Several decades of biomaterials research has led to a progressively heightened interest in the use of biodegradable polymeric nanoparticles (NPs) for drug delivery applications [1-5]. NPs can accumulate in tumors after systemic administration, and their biodistribution is largely determined by their physical and biochemical properties, such as particle size, nature of the polymer and drug, and surface biochemical properties . The effect of size on NP biodistribution has been shown to be organ specific and non-linear . This is in part due to organ-specific physical and physiological barriers that systemically administered NPs encounter . Studies on liposomes have shown that splenic sequestration of particles decreases linearly with decreases in particle size [9,10]. For the liver, the dependence on size is non-linear. While larger NPs are sequestered in the liver consistent with the observations in the spleen, the very small NPs (less than 70nm) can pass through the sinusoidal fenestrations in the liver and be entrapped by underlying parenchymal cells . In the case of bone marrow, larger particles are generally excluded, but smaller particles that escape spleen and liver sequestration can partition more effectively in the bone marrow depending on their surface characteristics . The effect of NP size on biodistribution is therefore non-linear and varies from organ to organ, underscoring the importance of tuning NP size for each distinct in vivo application.

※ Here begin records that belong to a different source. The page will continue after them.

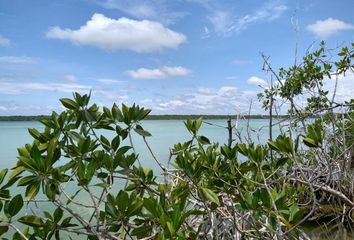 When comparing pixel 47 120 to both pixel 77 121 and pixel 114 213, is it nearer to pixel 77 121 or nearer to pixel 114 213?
pixel 77 121

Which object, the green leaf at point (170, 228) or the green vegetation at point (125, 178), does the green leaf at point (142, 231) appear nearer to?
the green vegetation at point (125, 178)

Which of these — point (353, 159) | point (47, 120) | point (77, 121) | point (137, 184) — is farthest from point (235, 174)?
point (353, 159)

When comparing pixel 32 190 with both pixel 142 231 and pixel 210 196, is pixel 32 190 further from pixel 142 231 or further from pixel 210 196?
pixel 210 196

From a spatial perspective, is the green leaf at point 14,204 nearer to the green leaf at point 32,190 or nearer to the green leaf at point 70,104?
the green leaf at point 32,190

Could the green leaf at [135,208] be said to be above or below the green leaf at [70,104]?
below

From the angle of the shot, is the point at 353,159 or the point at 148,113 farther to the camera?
the point at 353,159

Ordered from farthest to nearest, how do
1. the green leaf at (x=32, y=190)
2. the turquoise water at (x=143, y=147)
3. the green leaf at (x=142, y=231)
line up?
the turquoise water at (x=143, y=147)
the green leaf at (x=142, y=231)
the green leaf at (x=32, y=190)

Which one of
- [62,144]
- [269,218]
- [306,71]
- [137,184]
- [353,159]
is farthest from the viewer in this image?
[353,159]

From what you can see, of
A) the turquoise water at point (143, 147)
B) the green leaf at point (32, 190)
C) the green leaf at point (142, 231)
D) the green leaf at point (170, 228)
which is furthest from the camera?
the turquoise water at point (143, 147)

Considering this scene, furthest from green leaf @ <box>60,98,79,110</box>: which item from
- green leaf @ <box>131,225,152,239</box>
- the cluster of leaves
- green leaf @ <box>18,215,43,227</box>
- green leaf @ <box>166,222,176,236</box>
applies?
green leaf @ <box>166,222,176,236</box>

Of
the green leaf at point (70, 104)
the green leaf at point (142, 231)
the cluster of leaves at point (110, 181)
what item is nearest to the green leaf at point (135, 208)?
the cluster of leaves at point (110, 181)

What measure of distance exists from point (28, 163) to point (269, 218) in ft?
3.30

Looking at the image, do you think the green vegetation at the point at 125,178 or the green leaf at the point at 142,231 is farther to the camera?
the green leaf at the point at 142,231

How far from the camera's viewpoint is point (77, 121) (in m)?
1.65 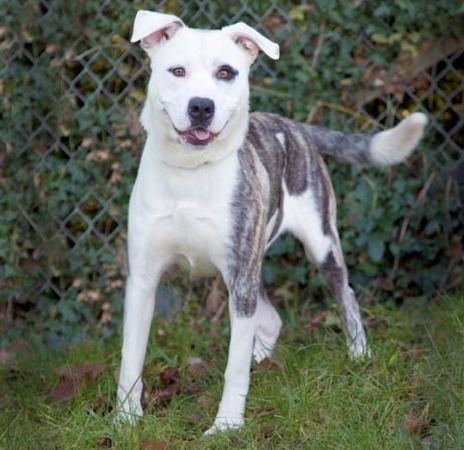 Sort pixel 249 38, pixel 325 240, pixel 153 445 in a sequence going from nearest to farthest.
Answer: pixel 153 445 < pixel 249 38 < pixel 325 240

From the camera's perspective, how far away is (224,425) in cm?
390

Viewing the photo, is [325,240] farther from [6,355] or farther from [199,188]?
[6,355]

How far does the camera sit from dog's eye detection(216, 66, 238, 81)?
388 cm

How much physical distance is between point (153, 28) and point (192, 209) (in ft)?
2.49

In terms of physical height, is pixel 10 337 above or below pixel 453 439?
below

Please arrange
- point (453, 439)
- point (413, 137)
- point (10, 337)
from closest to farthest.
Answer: point (453, 439), point (413, 137), point (10, 337)

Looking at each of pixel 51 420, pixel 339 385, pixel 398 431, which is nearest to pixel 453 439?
pixel 398 431

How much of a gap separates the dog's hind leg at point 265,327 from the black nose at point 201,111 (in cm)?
135

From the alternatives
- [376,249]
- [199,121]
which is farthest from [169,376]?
[376,249]

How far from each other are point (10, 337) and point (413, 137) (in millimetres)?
2655

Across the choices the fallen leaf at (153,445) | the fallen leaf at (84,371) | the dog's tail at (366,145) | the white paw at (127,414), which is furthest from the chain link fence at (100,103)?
the fallen leaf at (153,445)

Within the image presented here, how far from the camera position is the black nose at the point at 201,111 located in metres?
3.74

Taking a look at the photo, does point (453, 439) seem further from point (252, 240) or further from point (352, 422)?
point (252, 240)

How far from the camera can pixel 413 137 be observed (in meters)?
4.83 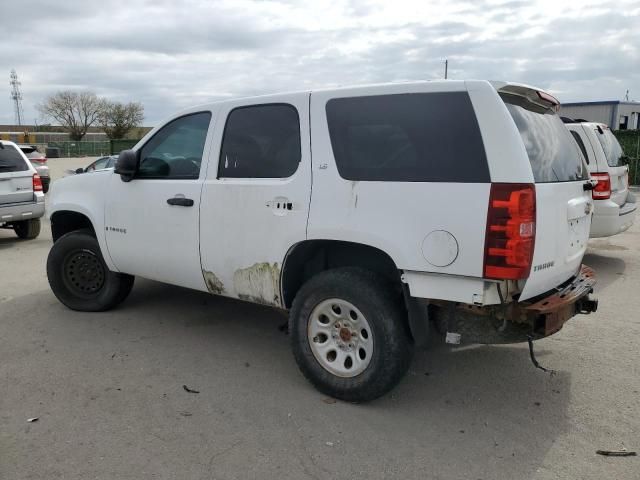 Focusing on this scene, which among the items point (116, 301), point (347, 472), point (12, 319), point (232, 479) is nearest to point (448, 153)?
point (347, 472)

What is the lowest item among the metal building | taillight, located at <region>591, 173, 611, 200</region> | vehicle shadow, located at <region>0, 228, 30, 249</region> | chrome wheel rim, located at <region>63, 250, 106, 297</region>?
vehicle shadow, located at <region>0, 228, 30, 249</region>

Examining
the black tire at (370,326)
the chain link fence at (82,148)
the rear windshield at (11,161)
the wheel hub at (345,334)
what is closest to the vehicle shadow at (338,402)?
the black tire at (370,326)

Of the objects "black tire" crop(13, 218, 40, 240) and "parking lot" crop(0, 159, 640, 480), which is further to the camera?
"black tire" crop(13, 218, 40, 240)

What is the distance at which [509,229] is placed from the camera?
2932 millimetres

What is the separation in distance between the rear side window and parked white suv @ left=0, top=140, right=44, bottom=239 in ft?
24.6

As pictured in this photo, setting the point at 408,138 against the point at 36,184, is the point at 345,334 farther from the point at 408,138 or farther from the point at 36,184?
the point at 36,184

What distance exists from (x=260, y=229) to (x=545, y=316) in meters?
1.94

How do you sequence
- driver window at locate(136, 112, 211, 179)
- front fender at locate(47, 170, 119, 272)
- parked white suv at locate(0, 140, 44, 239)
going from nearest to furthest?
driver window at locate(136, 112, 211, 179) → front fender at locate(47, 170, 119, 272) → parked white suv at locate(0, 140, 44, 239)

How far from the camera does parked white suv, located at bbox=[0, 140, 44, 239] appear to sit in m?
9.04

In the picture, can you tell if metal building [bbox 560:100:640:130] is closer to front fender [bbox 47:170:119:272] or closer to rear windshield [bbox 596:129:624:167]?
rear windshield [bbox 596:129:624:167]

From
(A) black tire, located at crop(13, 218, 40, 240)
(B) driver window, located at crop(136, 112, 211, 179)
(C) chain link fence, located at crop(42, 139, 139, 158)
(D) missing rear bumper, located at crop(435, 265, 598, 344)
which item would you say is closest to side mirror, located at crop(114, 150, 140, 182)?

Recently, we developed ~250 nm NP-aptamer (NP-Apt) bioconjugates using poly(d,l-lactide)-block-poly(ethylene glycol) (PLA-b-PEG) copolymer and the A10 RNA aptamer  that can bind the extracellular domain of the Prostate Specific Membrane Antigen (PSMA), and demonstrated their capability for active binding and uptake by the targeted cancer cells in vitro . We also developed ~180 nm docetaxel-encapsulated NP-Apt bioconjugates using poly(d,l-lactide-co-glycolide)-block-poly(ethylene glycol) (PLGA-b-PEG) copolymer that showed remarkable antitumor efficacy in vivo after a single intratumoral administration to subcutaneous xenograft mouse models of prostate cancer . Although intratumoral drug delivery is suitable for localized prostate cancer disease, patients with advanced prostate cancer will require drugs to be administered systemically for the treatment of disseminated tumors . Systemic delivery of targeted NPs presents other challenges for developing an effective NP drug delivery vehicle with desirable pharmacological properties capable of extended circulation in blood and targeted drug delivery.
Herein we report formulation strategies to control the size of PLGA-b-PEG NPs during both synthesis and post-synthesis processing. The ability to control NP size may be broadly important to their use in various clinical applications, allowing for optimization of NP delivery vehicles for systemic administration. For our technology, we chose one NP-Apt bioconjugate formulation that has size and drug loading characteristics that are potentially suitable for systemic administration and tested its tumor targeting efficiency and biodistribution when administered systemically to a xenograft mouse model of prostate cancer.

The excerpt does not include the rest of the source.